Significance of the Topic

Monoclonal antibodies are a leading class of biotherapeutics whose patents are expiring, opening the way for biosimilars. Ensuring that biosimilars match innovator products in safety, efficacy, and purity demands detailed analytical comparability. LC/MS/MS peptide mapping is a critical tool for confirming primary sequence and monitoring post-translational modifications that can impact biological function.

Objectives and Study Overview

This study compares an innovator rituximab with two biosimilar versions using a unified peptide mapping workflow. Goals included achieving high sequence coverage, identifying differences in peptide abundances, and quantifying key modifications such as oxidation, deamidation, lysine truncation, and pyroglutamate formation.

Methodology

Each mAb sample underwent reduction, alkylation, and tryptic digestion using an automated Bravo liquid-handling system. Peptides were cleaned by C18 desalting and separated on an AdvanceBio Peptide Mapping column with a 30-minute gradient at 60 °C. Data-dependent acquisition employed iterative MS/MS to capture low-abundance species.

Used Instrumentation

• Agilent AssayMAP Bravo for automated sample preparation
• Agilent 1290 Infinity II LC System with high-speed pump and multisampler
• Agilent 6545XT AdvanceBio LC/Q-TOF mass spectrometer in positive ESI mode
• Agilent MassHunter BioConfirm software for feature extraction, peptide matching, and PTM quantitation

Main Results and Discussion

Sequence coverage exceeded 97% for both heavy and light chains across all samples. Chromatograms revealed differential peptide levels and truncation forms. Quantitative highlights include:

• Met256 oxidation: 1.48% in innovator, 1.27% in biosimilar 1, and 2.50% in biosimilar 2.
• Asn388 deamidation: elevated in biosimilars (~20%) vs. innovator (10.9%).
• Lys451 truncation and N-terminal pyroGlu formation varied consistently among samples.
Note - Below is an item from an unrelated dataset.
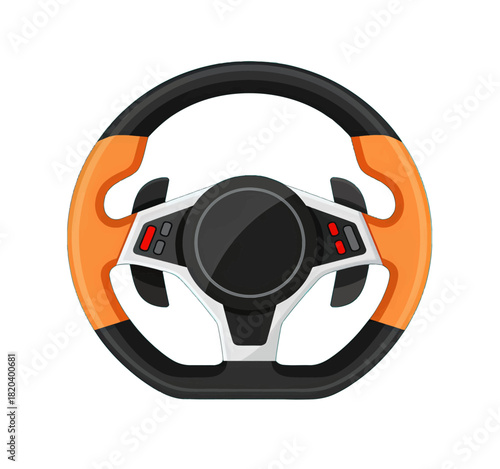Sporty Racing Steering Wheel with Orange Grips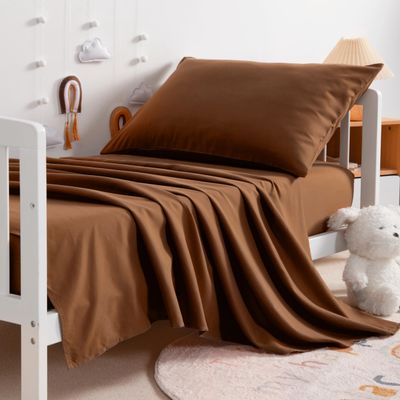 600TC Egyptian Cotton 3-PieceToddler Sheet Set, Fitted Sheet, Flat Sheet and Envelope Pillowcase,Toddler Bed Set for Boys & Girls,Crib Sheets Set,(MiniCrib Sheets 28" x 52" x 12" Taupe Solid )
These results illustrate the method’s sensitivity to detect subtle structural variations.

Benefits and Practical Applications

The presented workflow offers:

• Comprehensive sequence validation and PTM profiling in a single run.
• Automated sample handling and data analysis for higher throughput.
• Quantitative histograms that facilitate batch-to-batch and product comparability.

Future Trends and Opportunities

Next-generation approaches may integrate ion mobility for isomer separation, machine-learning algorithms for spectral interpretation, and cloud-based reporting for regulatory submissions. Combining peptide mapping with multi-attribute methods could further streamline QC in biomanufacturing.

Conclusion

This work demonstrates that an Agilent LC/MS/MS peptide mapping workflow delivers high sequence coverage and precise PTM quantitation, making it well suited for analytical comparability of innovator and biosimilar monoclonal antibodies.

References

1. Ecker DM, Jones SD, Levine HL. The Therapeutic Monoclonal Antibody Market. MAbs. 7(1):9-14 (2015).
2. Agilent Technologies. Agilent MassHunter BioConfirm Software, publication 5991-8552EN.